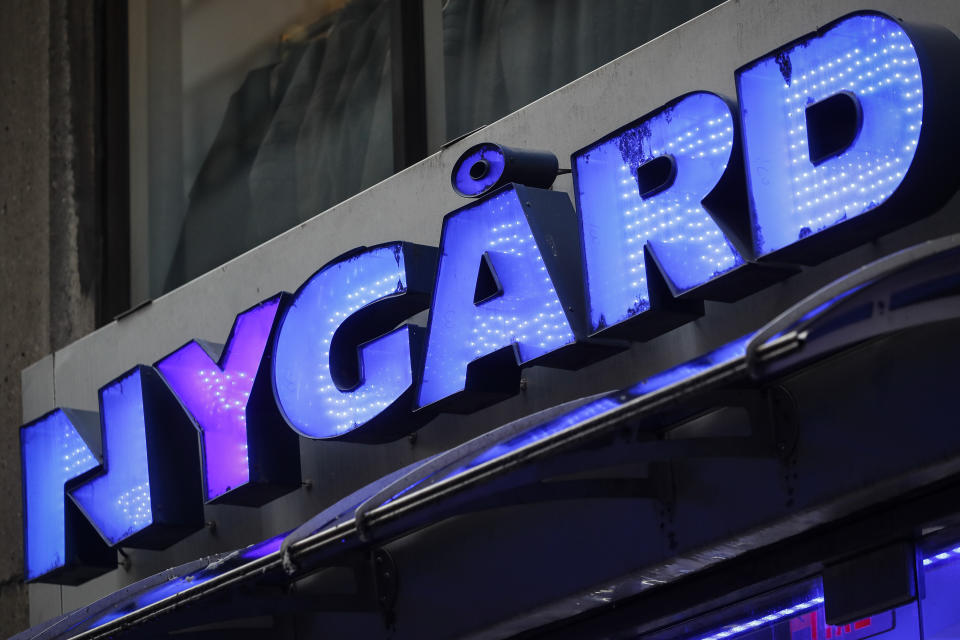 FILE - A sign is displayed above the storefront of Peter Nygard's Times Square headquarters, Tuesday, Feb. 25, 2020, in New York. Former Canadian fashion mogul Nygard pleaded not guilty Thursday, Sept. 21, 2023, to all charges against him in his Toronto sexual assault case, as jury selection for his trial got underway. (AP Photo/John Minchillo, File)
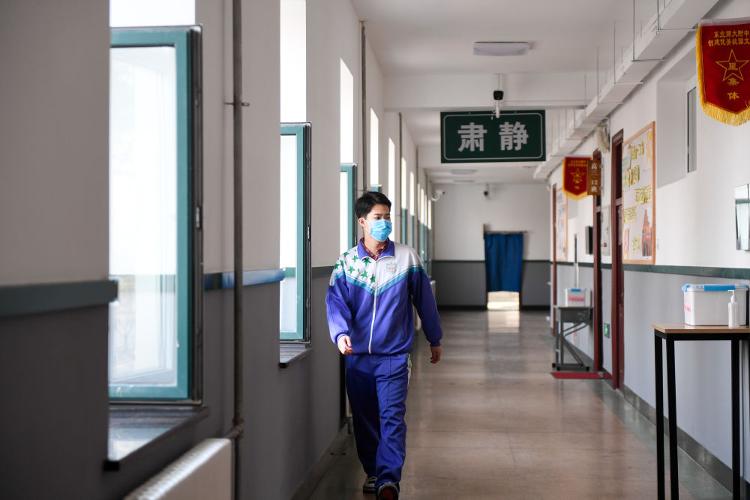 4月7日,一名学生走在长春市东北师范大学附属中学的走廊上.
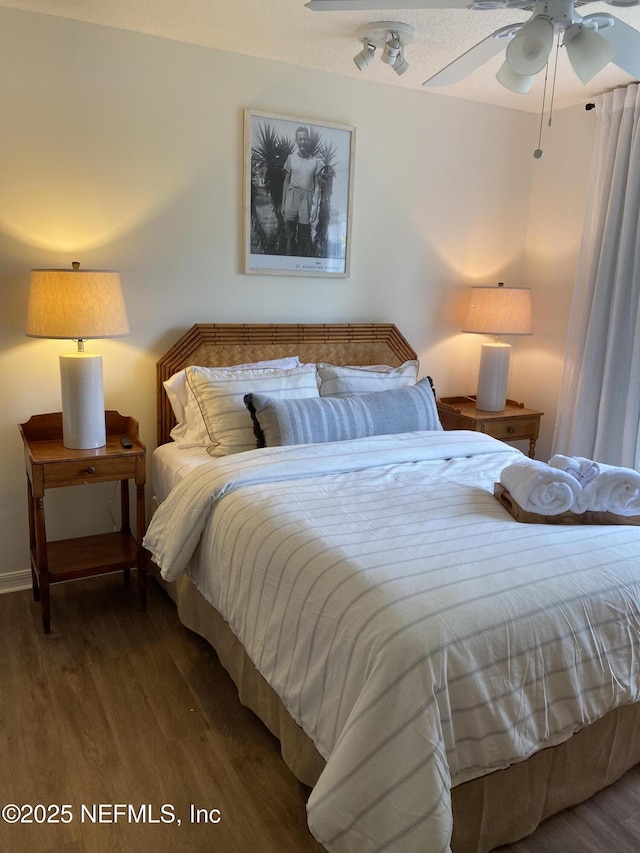 bedroom with wood finished floors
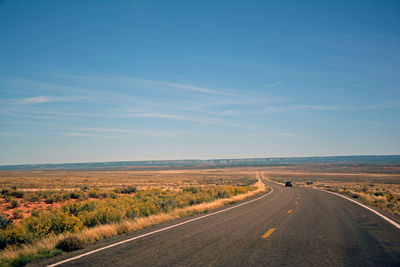 Road passing through landscape against clear blue sky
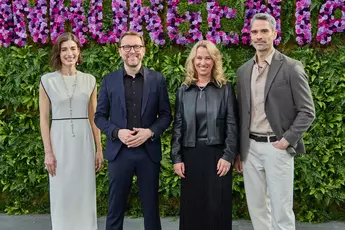 Four people stand in front of a green wall with purple flowers and smile at the camera.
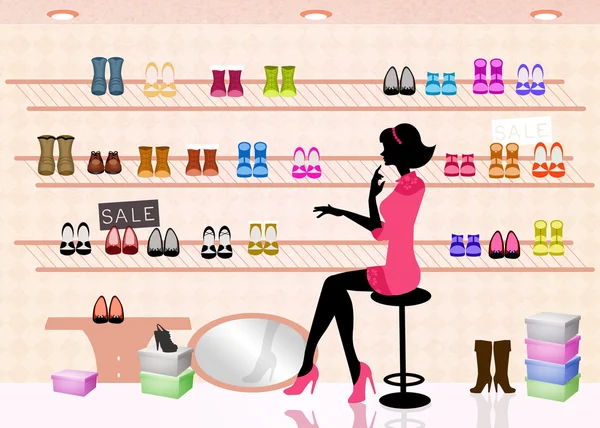 Vrouw in schoenen winkel — Stockfoto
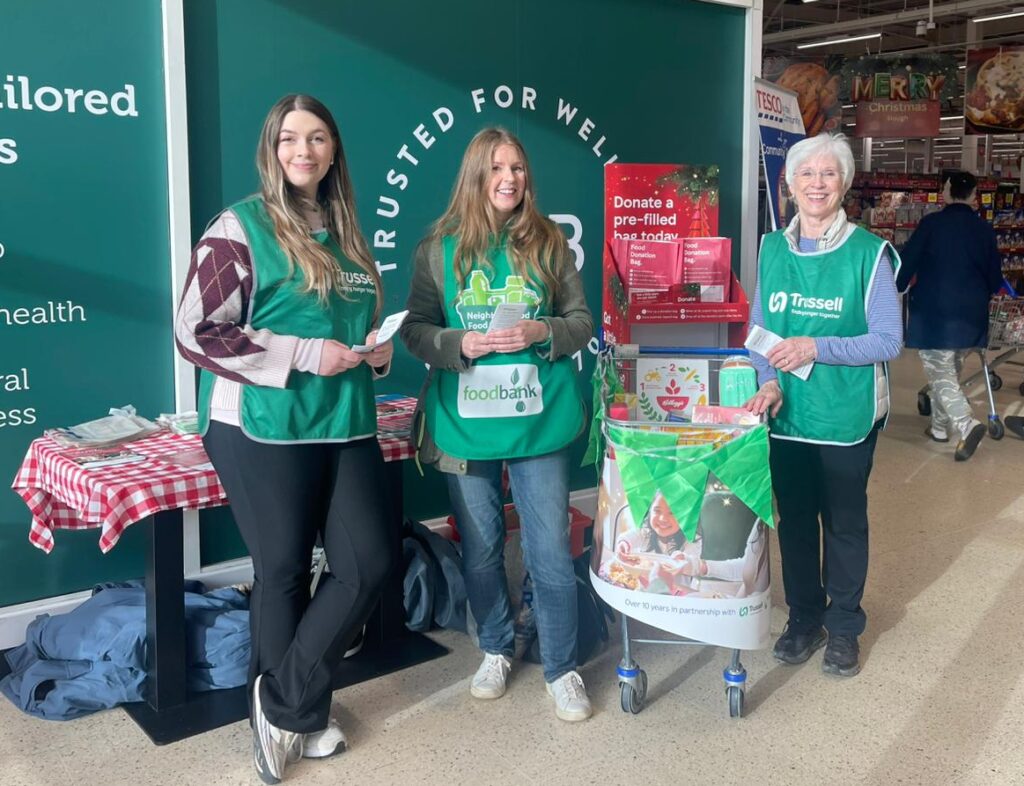 Volunteers standing by a collection point in Tesco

++++

Directions for this task -
Which lines run from the one containing "Four people stand" through the last line of the entries above? Output them exactly, both ends included, with no pictures.

Solution to this problem -
 Four people stand in front of a green wall with purple flowers and smile at the camera.
 Vrouw in schoenen winkel — Stockfoto
 Volunteers standing by a collection point in Tesco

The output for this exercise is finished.